Unbiased Estimation

\[ \newcommand{\cB}{\mathcal{B}} \newcommand{\cF}{\mathcal{F}} \newcommand{\cN}{\mathcal{N}} \newcommand{\cP}{\mathcal{P}} \newcommand{\cX}{\mathcal{X}} \newcommand{\EE}{\mathbb{E}} \newcommand{\PP}{\mathbb{P}} \newcommand{\RR}{\mathbb{R}} \newcommand{\ZZ}{\mathbb{Z}} \newcommand{\td}{\,\textrm{d}} \newcommand{\simiid}{\stackrel{\textrm{i.i.d.}}{\sim}} \newcommand{\simind}{\stackrel{\textrm{ind.}}{\sim}} \newcommand{\eqas}{\stackrel{\textrm{a.s.}}{=}} \newcommand{\eqPas}{\stackrel{\cP\textrm{-a.s.}}{=}} \newcommand{\eqmuas}{\stackrel{\mu\textrm{-a.s.}}{=}} \newcommand{\eqD}{\stackrel{D}{=}} \newcommand{\indep}{\perp\!\!\!\!\perp} \DeclareMathOperator*{\minz}{minimize\;} \DeclareMathOperator*{\maxz}{maximize\;} \DeclareMathOperator*{\argmin}{argmin\;} \DeclareMathOperator*{\argmax}{argmax\;} \newcommand{\Var}{\textnormal{Var}} \newcommand{\Cov}{\textnormal{Cov}} \newcommand{\Corr}{\textnormal{Corr}} \newcommand{\ep}{\varepsilon} \]

1 Unbiased Estimation

Recall from Lecture 2 that we had two primary strategies to choose an estimator:

Summarize the risk function by a scalar (average or supremum)
Restrict attention to a smaller class of estimators

Today we’ll discuss unbiased estimation, which is an example of the second strategy. That is, if \(g(\theta)\) is our estimand, we will require that \(\EE_\theta \delta = g(\theta)\) for all \(\theta\)

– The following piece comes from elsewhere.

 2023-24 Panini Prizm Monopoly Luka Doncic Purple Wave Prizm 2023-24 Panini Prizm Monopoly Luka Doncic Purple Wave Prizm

Unbiased estimation is especially convenient in models with a complete sufficient statistic \(T(X)\). In that case:

There is at most one unbiased estimator of the form \(\delta(T(X))\), because if \(\delta_1, \delta_2(T)\) are both unbiased, then \(\delta_1 \eqas \delta_2\)
If an unbiased estimator exists, it uniformly minimizes risk for any convex loss function

2 Convex Loss Functions

Recall \(f(y)\) is convex if for all \(x_1, x_2\) and all \(\gamma \in [0,1]\):

\[f(\gamma x_1 + (1-\gamma)x_2) \leq \gamma f(x_1) + (1-\gamma) f(x_2)\] \(f\) is strictly convex if the inequality is strict unless \(x_1 = x_2\).

An key fact about convex functions is Jensen’s Inequality: If \(f\) is convex, then for any random variable \(X\), we have

\[f(\EE[X]) \leq \EE[f(X)]\] If \(f\) is strictly convex, then the inequality is strict unless \(X\) is constant.

We say a loss function \(L(\theta, d)\) is a (strictly) convex loss if is (strictly) convex as a function of the estimate \(d\), its second argument, holding the parameter \(\theta\) fixed. Note convexity in \(\theta\) is not relevant here; \(\theta\) is just indexing the model.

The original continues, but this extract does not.